Le rôle des réserves en dollars n’est pas la liquidité, mais l’amélioration de la crédibilité. Les investisseurs en actions souhaitent voir une augmentation de la détention de Bitcoin et une volatilité accrue, tandis que les investisseurs en crédit recherchent des actifs stables et de haute qualité. Pour que Strategy devienne un acteur majeur dans le domaine du crédit numérique, elle doit satisfaire cette psychologie des investisseurs en crédit avec une base d’actifs en dollars crédible.
Saylor évoque la taille potentielle de ce marché. Si un produit comme STRC (Strake Deferred Digital Credit), offrant un rendement de 10 % et une évaluation de 1 à 2 fois, était conçu comme un produit coté, il pourrait représenter 10 % du marché obligataire américain, soit un marché potentiel de 10 000 milliards de dollars. Selon lui, un environnement où tout le monde recherche ces produits est en train de se former.
La réévaluation fondamentale de la valeur des entreprises
Saylor affirme que la méthode d’évaluation de la valeur des entreprises doit également être radicalement repensée. La valeur doit être créée par l’activité principale, et cette activité doit déterminer la valeur. Si une entreprise au Japon, par exemple, peut vendre un produit de crédit numérique à 6 % de rendement alors que d’autres marchés offrent seulement 2 %, sa valeur pourrait être considérablement augmentée. Elle pourrait même devenir la société la plus précieuse du pays.

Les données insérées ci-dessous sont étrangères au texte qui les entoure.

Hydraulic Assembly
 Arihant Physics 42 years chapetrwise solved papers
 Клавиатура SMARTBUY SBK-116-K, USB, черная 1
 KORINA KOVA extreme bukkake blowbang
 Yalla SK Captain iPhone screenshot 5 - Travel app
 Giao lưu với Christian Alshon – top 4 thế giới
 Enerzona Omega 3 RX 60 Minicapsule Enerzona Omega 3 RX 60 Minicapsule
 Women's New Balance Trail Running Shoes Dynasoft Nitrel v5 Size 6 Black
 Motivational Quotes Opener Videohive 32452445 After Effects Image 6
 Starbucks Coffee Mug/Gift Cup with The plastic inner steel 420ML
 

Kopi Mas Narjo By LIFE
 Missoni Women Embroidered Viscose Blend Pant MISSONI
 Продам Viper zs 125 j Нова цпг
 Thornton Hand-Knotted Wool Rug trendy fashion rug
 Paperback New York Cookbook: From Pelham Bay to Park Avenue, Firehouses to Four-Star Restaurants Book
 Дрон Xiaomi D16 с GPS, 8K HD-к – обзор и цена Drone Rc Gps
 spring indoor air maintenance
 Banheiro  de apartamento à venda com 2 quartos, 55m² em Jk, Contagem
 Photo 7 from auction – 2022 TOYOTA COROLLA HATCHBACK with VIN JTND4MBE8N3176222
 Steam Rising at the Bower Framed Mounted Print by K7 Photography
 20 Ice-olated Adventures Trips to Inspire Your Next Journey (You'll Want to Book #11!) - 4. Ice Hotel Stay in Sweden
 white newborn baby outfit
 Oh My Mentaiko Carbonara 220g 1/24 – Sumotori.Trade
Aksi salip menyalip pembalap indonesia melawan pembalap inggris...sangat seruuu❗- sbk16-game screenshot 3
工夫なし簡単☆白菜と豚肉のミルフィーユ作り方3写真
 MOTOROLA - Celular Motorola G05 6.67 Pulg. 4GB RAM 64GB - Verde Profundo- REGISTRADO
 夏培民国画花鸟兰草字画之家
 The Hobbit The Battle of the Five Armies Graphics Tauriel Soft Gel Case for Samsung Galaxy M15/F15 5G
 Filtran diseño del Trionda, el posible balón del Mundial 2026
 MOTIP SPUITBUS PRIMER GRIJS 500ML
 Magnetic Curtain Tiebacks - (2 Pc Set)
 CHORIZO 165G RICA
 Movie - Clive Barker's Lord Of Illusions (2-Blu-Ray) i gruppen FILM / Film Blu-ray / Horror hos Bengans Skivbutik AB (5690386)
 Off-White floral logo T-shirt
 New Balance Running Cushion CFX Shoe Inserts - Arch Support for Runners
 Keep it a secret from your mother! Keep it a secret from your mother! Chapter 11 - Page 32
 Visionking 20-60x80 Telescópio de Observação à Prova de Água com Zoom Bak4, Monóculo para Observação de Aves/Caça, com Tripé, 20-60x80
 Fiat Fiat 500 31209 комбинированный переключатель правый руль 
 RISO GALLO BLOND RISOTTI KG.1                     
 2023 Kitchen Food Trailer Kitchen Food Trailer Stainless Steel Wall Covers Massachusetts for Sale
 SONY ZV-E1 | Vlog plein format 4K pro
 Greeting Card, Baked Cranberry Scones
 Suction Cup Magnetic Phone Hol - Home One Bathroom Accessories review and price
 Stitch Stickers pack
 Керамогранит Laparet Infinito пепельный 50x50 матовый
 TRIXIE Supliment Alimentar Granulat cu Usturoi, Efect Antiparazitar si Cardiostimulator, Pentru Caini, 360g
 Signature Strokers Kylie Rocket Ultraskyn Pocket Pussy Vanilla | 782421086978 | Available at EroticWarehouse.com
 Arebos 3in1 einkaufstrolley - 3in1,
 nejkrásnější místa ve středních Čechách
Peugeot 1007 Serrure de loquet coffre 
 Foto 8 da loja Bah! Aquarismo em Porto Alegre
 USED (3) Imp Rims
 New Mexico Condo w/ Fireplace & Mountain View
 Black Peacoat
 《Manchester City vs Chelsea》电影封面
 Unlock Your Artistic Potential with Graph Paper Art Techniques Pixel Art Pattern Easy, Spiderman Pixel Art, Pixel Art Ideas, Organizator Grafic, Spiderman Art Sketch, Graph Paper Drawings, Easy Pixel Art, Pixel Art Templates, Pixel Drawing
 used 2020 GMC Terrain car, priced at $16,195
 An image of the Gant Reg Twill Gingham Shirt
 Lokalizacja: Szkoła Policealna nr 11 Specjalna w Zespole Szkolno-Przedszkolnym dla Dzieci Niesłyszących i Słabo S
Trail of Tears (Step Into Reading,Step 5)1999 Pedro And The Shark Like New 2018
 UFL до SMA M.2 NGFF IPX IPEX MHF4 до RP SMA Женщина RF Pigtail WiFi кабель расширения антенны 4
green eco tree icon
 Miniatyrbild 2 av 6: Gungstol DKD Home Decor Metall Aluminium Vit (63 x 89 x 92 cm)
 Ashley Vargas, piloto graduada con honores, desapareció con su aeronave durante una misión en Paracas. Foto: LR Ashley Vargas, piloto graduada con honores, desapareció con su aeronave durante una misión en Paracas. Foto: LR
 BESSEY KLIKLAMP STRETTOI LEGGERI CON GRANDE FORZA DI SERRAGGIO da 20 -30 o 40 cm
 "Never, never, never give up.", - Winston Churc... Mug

En résumé, les indicateurs traditionnels comme le ratio P/B ou le NAV (mNAV) ne reflètent pas la valeur intrinsèque d’une entreprise. Ce qui compte, c’est ce que l’entreprise cherche à faire dans la construction du marché du crédit numérique, c’est-à-dire son activité fondamentale.
Saylor insiste sur la taille et la croissance potentielles du marché du crédit. La taille du marché du crédit senior ou des crédits aux entreprises est telle que le marché du crédit garanti par Bitcoin pourrait connaître une croissance exponentielle, bien supérieure à celle des marchés traditionnels. La présence de dérivés garantis par Bitcoin, de bourses de trading de Bitcoin, voire d’assureurs utilisant Bitcoin comme capital, montre que de nouveaux acteurs peuvent entrer dans un secteur encore inexploité.
Il souligne que la valeur d’une entreprise basée sur ses actions dépend non seulement de la manière dont elle utilise son capital aujourd’hui, mais aussi de ses projets futurs. La déclaration selon laquelle ce n’est pas encore réalisé ne signifie pas que c’est impossible, ce qui indique que la vision d’expansion de Strategy repose sur une stratégie réalisable, pas seulement sur une idée.
En 2026, le marché du crédit numérique Bitcoin doit être évalué non pas par ses fluctuations à court terme, mais par sa capacité à transformer en profondeur le système de crédit. La force de cette transformation structurelle et la rationalité stratégique qui en découle sont ce que Michaël Saylor met en avant.